The rapid growth of business brings several challenges to the tech stack of SafeGraph . Comparing to the other companies which serve customers with apps and online services, offering a dataset as a product places unprecedented challenges on data versioning, data quality as well as the reliability and efficiency of data processing. Additionally, scaling our engineers to catch up with the rapidly increasing customer demands requires a sophisticatedly designed internal toolkit. The toolkit not only needs to bring the state-of-the-art ML/Data infra technology to SafeGraph but also to be minimally intrusive to avoid interrupt the product development.
In this talk, we are presenting the experiences we got from building the data platform and internal toolkit in SafeGraph: First, we will introduce the integration experience of Delta Lake + MLFlow in SafeGraph.
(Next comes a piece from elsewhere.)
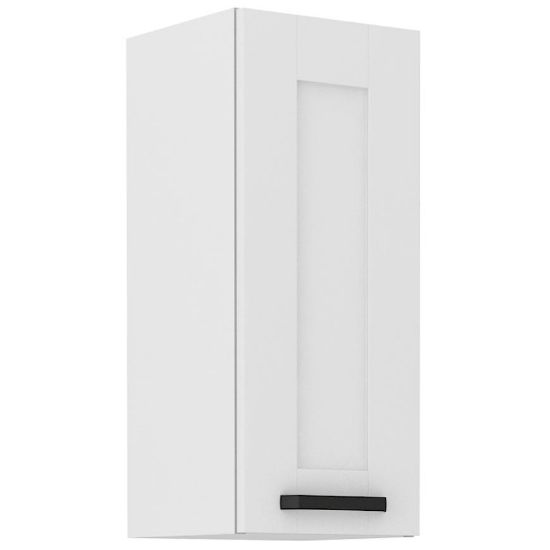 Obrazek Szafka kuchenna LUNA biały mat/biały 30g-72 1f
Our integration not only improves the tracking and debuggability of our data processing stack, but also significantly improves the productivity of our ML engineers and most importantly with the minimum interruption to their existing workflow. Second, we will cover how we improve the observability of Spark applications and the manageability of our Databricks-based data processing platform with a set of internal tools. Finally, we will share the story on how we identify the bottleneck of Spark as well as Scala standard library and then we scale our Spark applications to handle the complicated data ingestion scenario.
Nan is a Software Engineer in SafeGraph, where he works on building the data platform to support the scaling of business of this data company. He also serves as the PMC member of XGBoost, one of the most popular machine learning libraries.